Veda nearly laughed. She felt her lips spreading but the hollowness in her chest won over, stopping them halfway. “No.”

  Jax shrugged. “Then I guess your relationship with the trust fund baby is as good as over.”

  He was right. She and Gage had already gone head-to-head over Linc. Gage had put Linc in a chokehold just because she’d been talking to the man in the hospital hallway. If he knew she’d been alone with Linc in her apartment, Gage’s mind would run away with him. By the time he was finished, he’d have her and Linc fucking in the bed, on the kitchen counter, and in the shower.

  Their relationship would never recover.

  But as Veda swallowed thickly and thought of what Jake would lose—his job, his pride, maybe even his freedom—it was instantly a no-brainer.

  Losing Gage would shred her.

  End her.

  Throw her into a deep darkness she might never be able to claw her way out of.

  Losing Gage would kill her.

  But seeing Jake go down, in a fight that wasn’t his, would kill her more.

  A few hundred milligrams of sodium thiopental disappearing from the pharmacy every now and then was one thing. Easy to hide. Easy to cover up.

  But oxy? One hundred milligrams of it, every Monday, Wednesday, and Friday?

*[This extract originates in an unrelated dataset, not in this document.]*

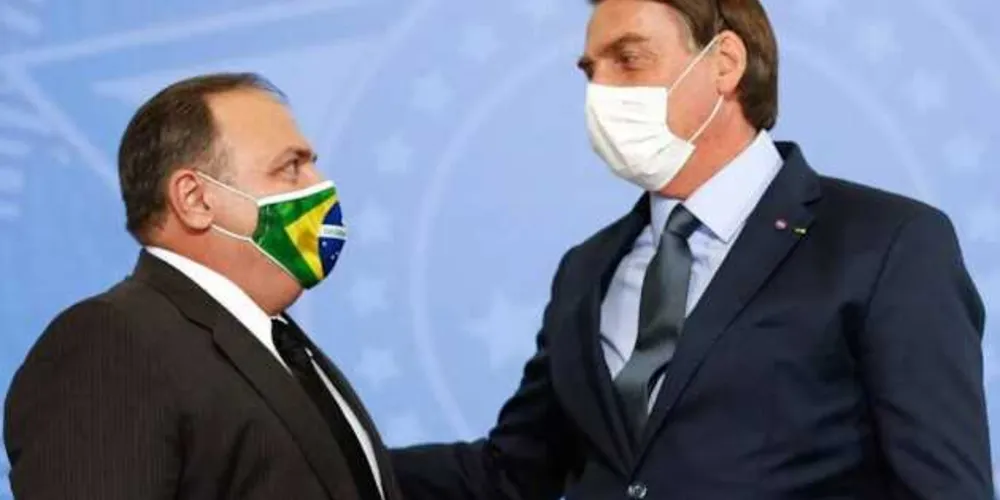 Pedido de afastamento coincide com o auge da pressão de deputados do Centrão, que pleiteiam mudança no comando da pasta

  No way. Every alarm bell in the hospital would sound. Steel gates would drop at every window and door. A SWAT team would surround the building and set up camp until the oxy-snatching culprit was found, apprehended, and taken into custody.

  “No,” Veda said.

  Jax clicked his pale lips and gave her a side-eye. “Think it through, Vandyke.”

  Veda cringed at him. He was so ugly. He wasn’t even worth her anger.

  Not yet.

  Not until she was cutting his balls out.

  She dropped the camera, reveling in the panic filling his eyes when his precious device went tumbling to the grass. He left his leisurely leaning position on the bench and leapt for it, snatching it up from the ground.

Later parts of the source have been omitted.